• [Requirement]: For the data below, retype word for word the lines from the one containing "Red toy truck" through the one containing "a living room"; drop the pictures.

• [Recorded information]:
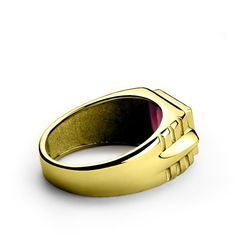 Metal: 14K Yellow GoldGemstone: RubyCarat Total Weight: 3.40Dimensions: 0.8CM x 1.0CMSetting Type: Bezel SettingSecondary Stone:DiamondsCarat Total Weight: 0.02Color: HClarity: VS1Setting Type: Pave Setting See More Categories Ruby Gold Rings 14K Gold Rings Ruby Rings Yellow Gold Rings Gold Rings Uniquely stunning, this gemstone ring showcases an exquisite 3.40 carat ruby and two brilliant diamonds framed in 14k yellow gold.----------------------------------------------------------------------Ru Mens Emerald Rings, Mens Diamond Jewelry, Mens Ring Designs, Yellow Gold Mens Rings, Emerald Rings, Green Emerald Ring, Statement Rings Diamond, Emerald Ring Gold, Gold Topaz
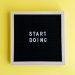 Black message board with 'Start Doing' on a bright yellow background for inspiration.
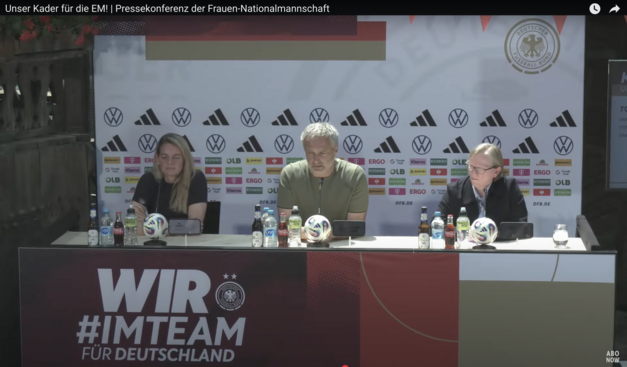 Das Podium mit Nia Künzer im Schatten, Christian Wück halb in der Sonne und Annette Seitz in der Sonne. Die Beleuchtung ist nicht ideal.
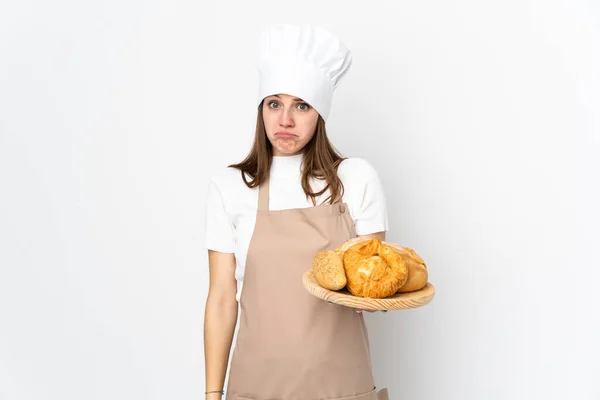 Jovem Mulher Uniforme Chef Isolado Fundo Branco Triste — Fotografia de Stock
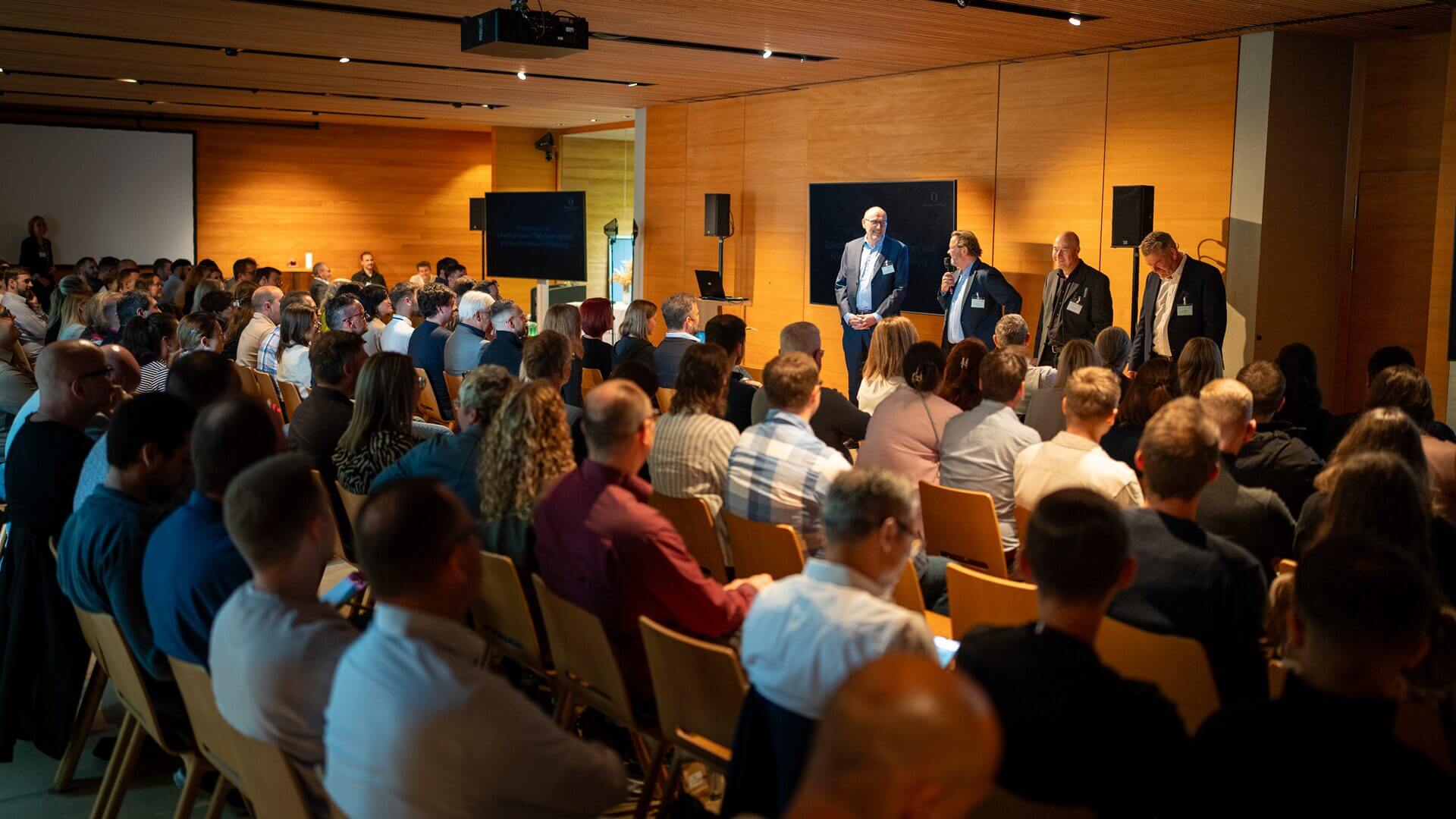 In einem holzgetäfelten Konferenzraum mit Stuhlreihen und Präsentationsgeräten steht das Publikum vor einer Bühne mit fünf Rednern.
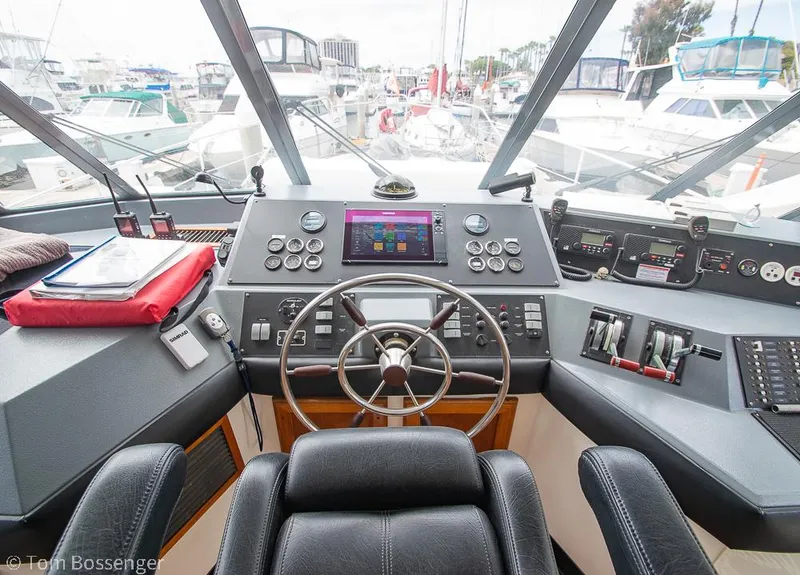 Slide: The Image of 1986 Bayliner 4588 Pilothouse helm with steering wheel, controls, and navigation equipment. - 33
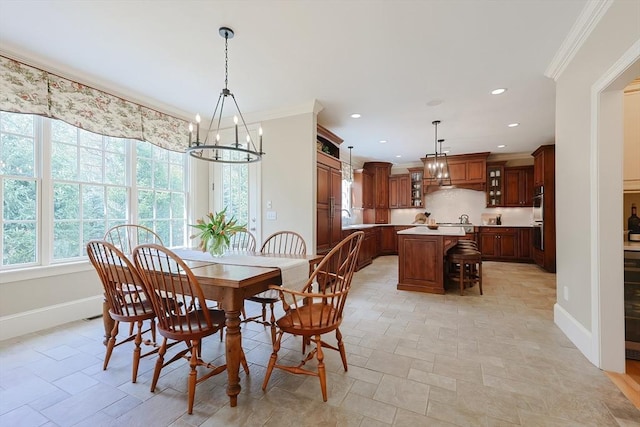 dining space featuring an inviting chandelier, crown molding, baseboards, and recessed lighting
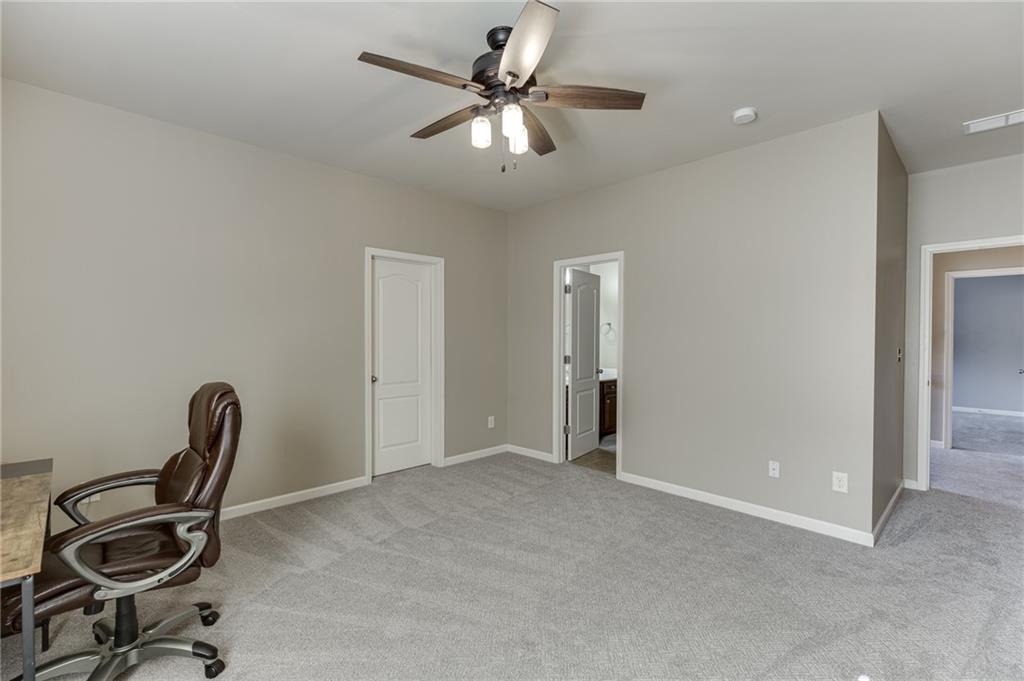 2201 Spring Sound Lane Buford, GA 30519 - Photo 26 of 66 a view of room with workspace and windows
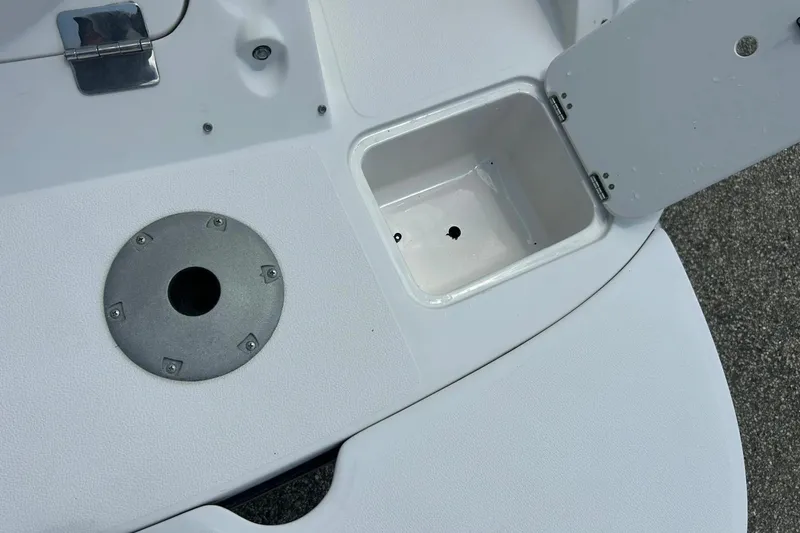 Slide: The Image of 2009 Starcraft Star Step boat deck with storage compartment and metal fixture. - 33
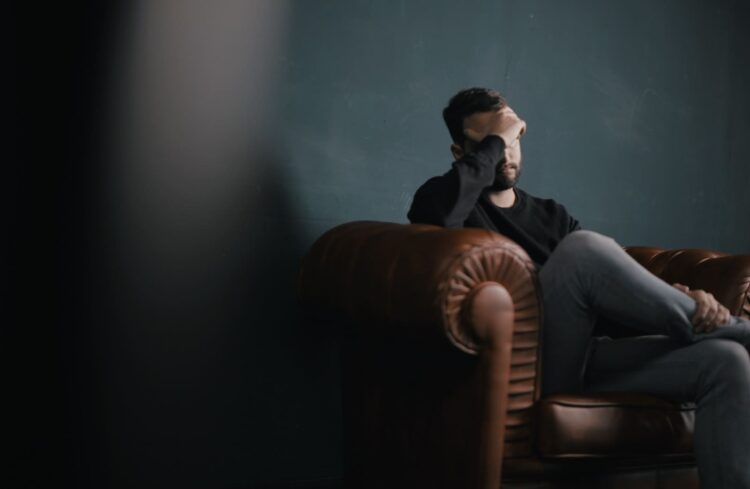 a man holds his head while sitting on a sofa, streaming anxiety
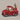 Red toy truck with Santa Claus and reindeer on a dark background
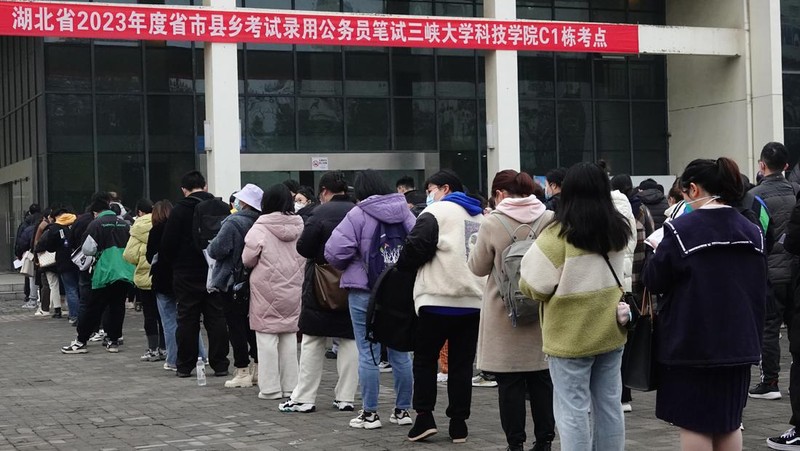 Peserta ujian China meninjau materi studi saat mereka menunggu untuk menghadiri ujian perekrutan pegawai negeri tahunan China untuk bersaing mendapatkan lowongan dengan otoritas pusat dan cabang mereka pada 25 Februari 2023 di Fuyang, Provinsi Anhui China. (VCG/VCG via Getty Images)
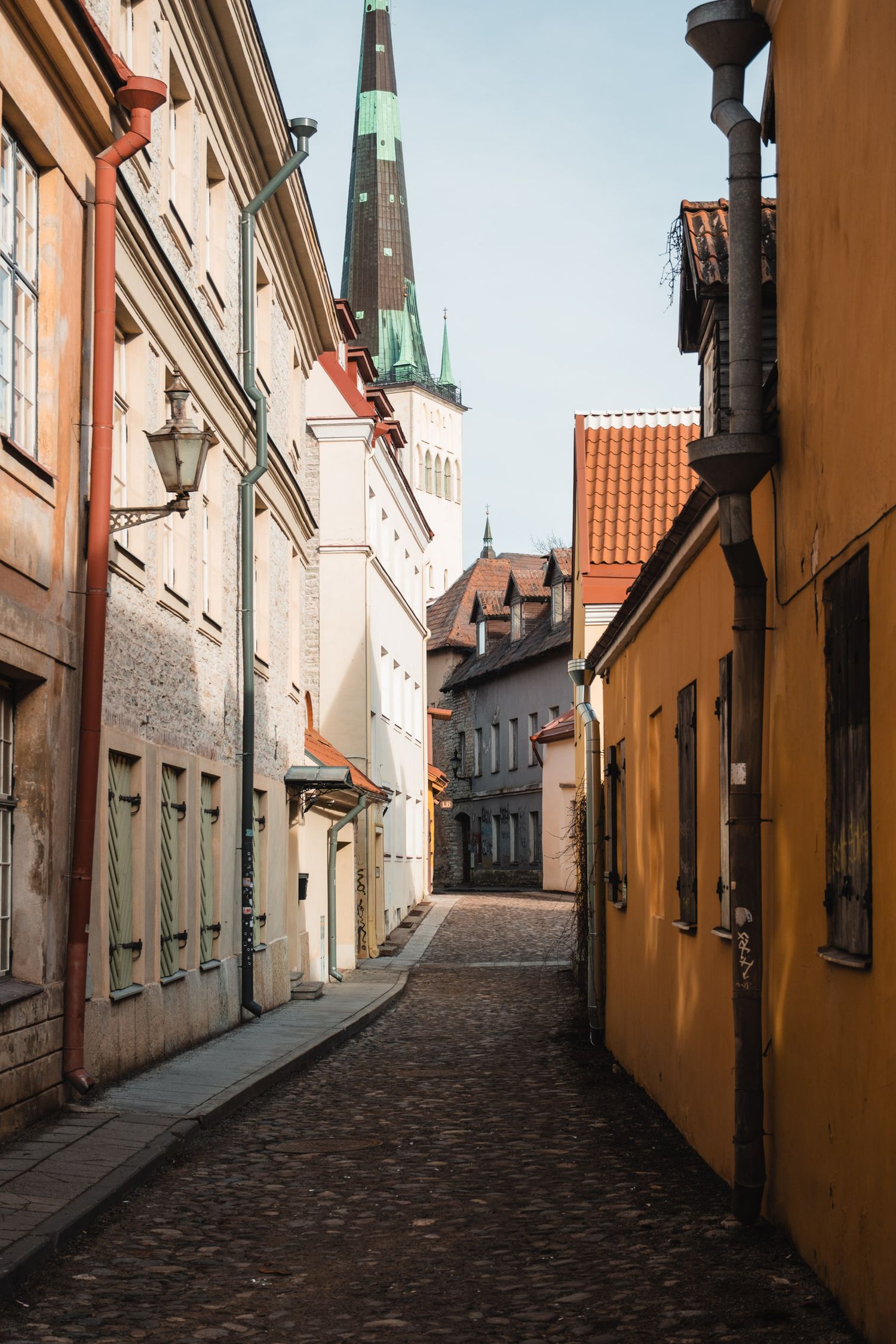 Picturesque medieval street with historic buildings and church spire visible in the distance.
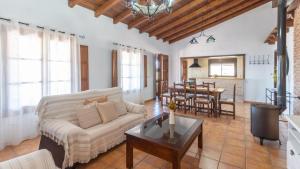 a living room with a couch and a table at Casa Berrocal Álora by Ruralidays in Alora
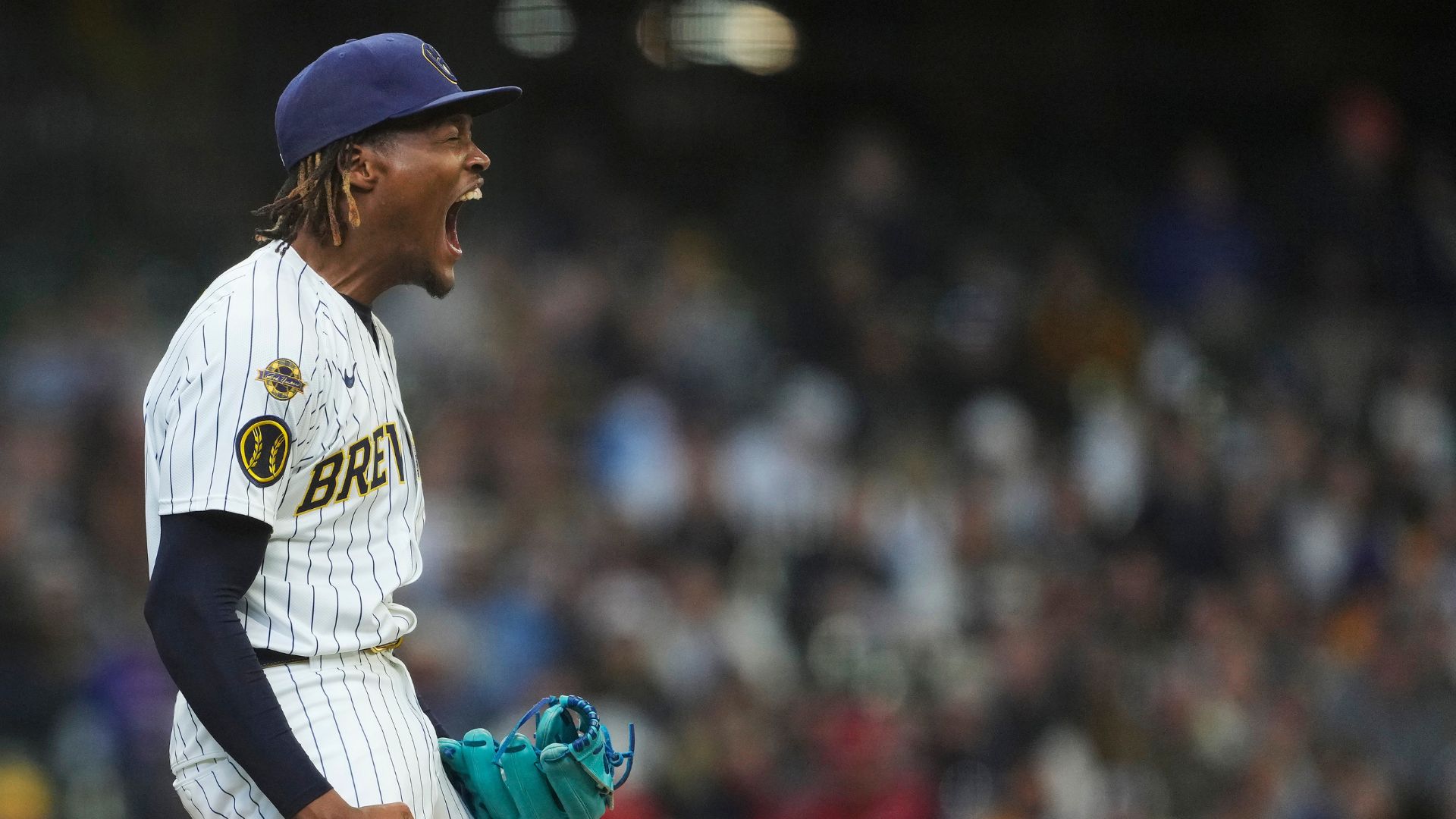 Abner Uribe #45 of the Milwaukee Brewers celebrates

• [Solution]:
 Red toy truck with Santa Claus and reindeer on a dark background
 Peserta ujian China meninjau materi studi saat mereka menunggu untuk menghadiri ujian perekrutan pegawai negeri tahunan China untuk bersaing mendapatkan lowongan dengan otoritas pusat dan cabang mereka pada 25 Februari 2023 di Fuyang, Provinsi Anhui China. (VCG/VCG via Getty Images)
 Picturesque medieval street with historic buildings and church spire visible in the distance.
 a living room with a couch and a table at Casa Berrocal Álora by Ruralidays in Alora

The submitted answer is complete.